L’officier de la France libre

C’est sans doute ces reliques et la voix de Jacques Pâris de La Bollardière sur fond d’images d’archives qui donnent au film sa dimension. On sait peu de chose de l’histoire en fait, ni du combat du Larzac, ni de l’histoire de la guerre d’Algérie ni de l’Indochine.
Dans la maison familiale où Simone et Jacques ont vécu avec leurs trois filles, les amis égrènent leurs souvenirs. Henri Alleg et Germaine Tillion, compagnons de combat viennent témoigner de la valeur morale de cet engagement qui est aussi le leur.

Alors, au fil des images ce sont ces mots qui pèsent… Sur Narvik en 1940 et cette première rencontre avec la guerre, sur la débâcle le départ vers l’Angleterre ou il parvient, le 18 juin 1940, un jour difficile à oublier.
« J’ai eu le sentiment d’un pays qui se décomposait », dit-il en voyant l’exode… C’est la guerre du désert en Syrie et en Libye, ce sont ces hommes, allemands, italiens, canadiens et australiens, français bien sûr qui meurent dans le respect de leurs adversaires et qui reposent mis en terre parfois par leurs ennemis.
La compassion de l’officier s’exerce aussi à l’égard de ces allemands dans leurs villes dévastées en 1945… « On pouvait alors sentir la réalité humaine effroyable d’un pays écrasé. Et aussi la part d’humanité qui peut être niée lorsque l’homme se fait bourreau… »
On pourra trouver des images fortes également (18e / 20e minute) et cette évocation de la guerre d’Indochine pendant laquelle « les combattants se respectaient », même si les hommes qui se battaient croyaient défendre la justice alors qu’ils faisaient la guerre à un peuple.
Dans cette évolution, que le film retrace en pointillés, la rupture de 1957 devient anecdotique, tout comme les rencontres avec Massu et Salan.

Nostalgie des seventies

C’est là que l’officier prestigieux franchit le Rubicon et brûle ses vaisseaux.
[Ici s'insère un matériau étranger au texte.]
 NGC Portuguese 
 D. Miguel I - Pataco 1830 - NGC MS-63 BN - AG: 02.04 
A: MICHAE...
Publiquement, il dénonce la torture en Algérie, croyant à tort que cela suffirait à réveiller les consciences. Elles resteront assoupies pour beaucoup et cela lui vaudra deux mois de forteresse et une mise au placard dans un service de la coloniale quelques temps avant les indépendances. Mais le départ de l’armée marque pour Simone et Jacques le début d’une nouvelle vie. Le couple uni depuis tant d’années qui avait subi la mise en quarantaine de la caste des officiers se retrouve dans ces combats d’avant-garde des années soixante et soixante dix. Moments de nostalgie pour ceux qui avaient vingt ans à l’époque du Larzac et de la lutte non violente contre l’extension d’un camp militaire. On y croisait alors Lanza del Vasto, l’apôtre de la non-violence mais aussi quelques militants devenus ministres de la République dans le cadre de l’ouverture…
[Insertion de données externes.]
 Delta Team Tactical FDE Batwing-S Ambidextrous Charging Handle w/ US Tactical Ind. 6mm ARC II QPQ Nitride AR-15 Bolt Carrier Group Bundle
Et puis, dominant ce film, le regard lumineux de « Simonette » compagne engagée, qui a su, par delà la disparition intervenue en 1986, continuer son propre combat.
Difficile alors d’exploiter ce film en tant que tel dans le cadre de la classe… le montage n’est pas évident mais cette évocation puissante peut amener à une reflexion sur le sens d’un engagement et sur la part que l’on attache à ses principes qui sont ceux de la république et du pays des droits de l’homme. S’il devait y avoir des héritiers des soldats de l’an II nul doute que Jacques Pâris de la Bollardière n’ait été de ceux là.